Data section -
________

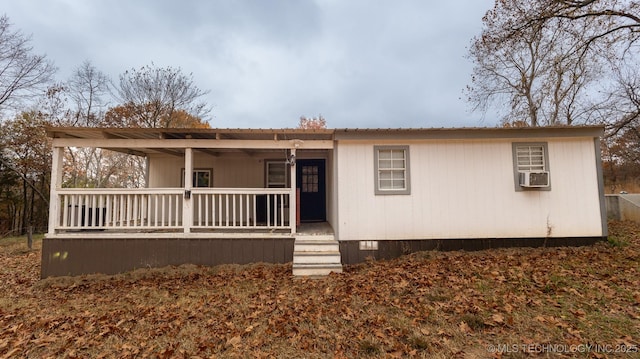 rear view of house with metal roof, cooling unit, and a porch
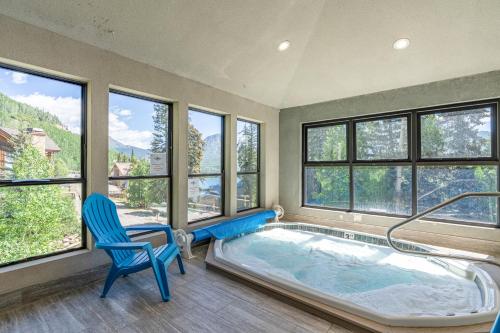 a room with a hot tub with a chair and windows at Angelhaus #300 in Durango Mountain Resort
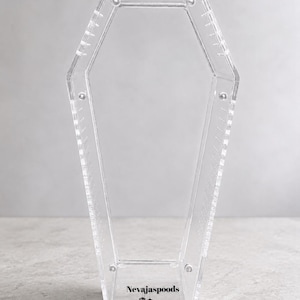 May include: A clear acrylic display case shaped like a coffin with a hollow center and a series of small holes along the inner edges. The base features the black text Nevajaspoods above a small graphic of two hanging eyes.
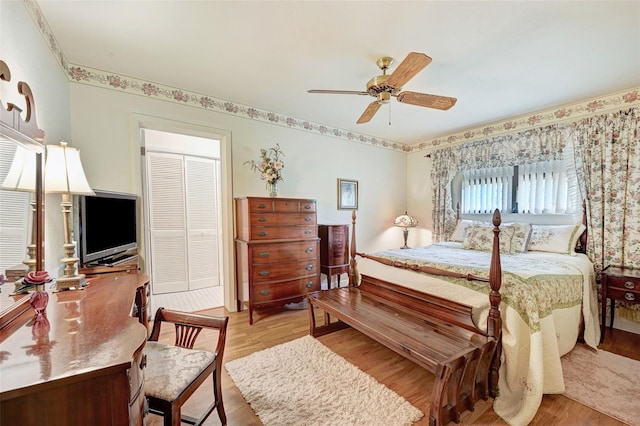 1208 Duke Way, Cocoa, FL 32922 - bedroom with wood finished floors, a ceiling fan, and a closet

________

Activity - Could you set down the material above word for word while dropping its pictures?

Result of this exercise -
 rear view of house with metal roof, cooling unit, and a porch
 a room with a hot tub with a chair and windows at Angelhaus #300 in Durango Mountain Resort
 May include: A clear acrylic display case shaped like a coffin with a hollow center and a series of small holes along the inner edges. The base features the black text Nevajaspoods above a small graphic of two hanging eyes.
 1208 Duke Way, Cocoa, FL 32922 - bedroom with wood finished floors, a ceiling fan, and a closet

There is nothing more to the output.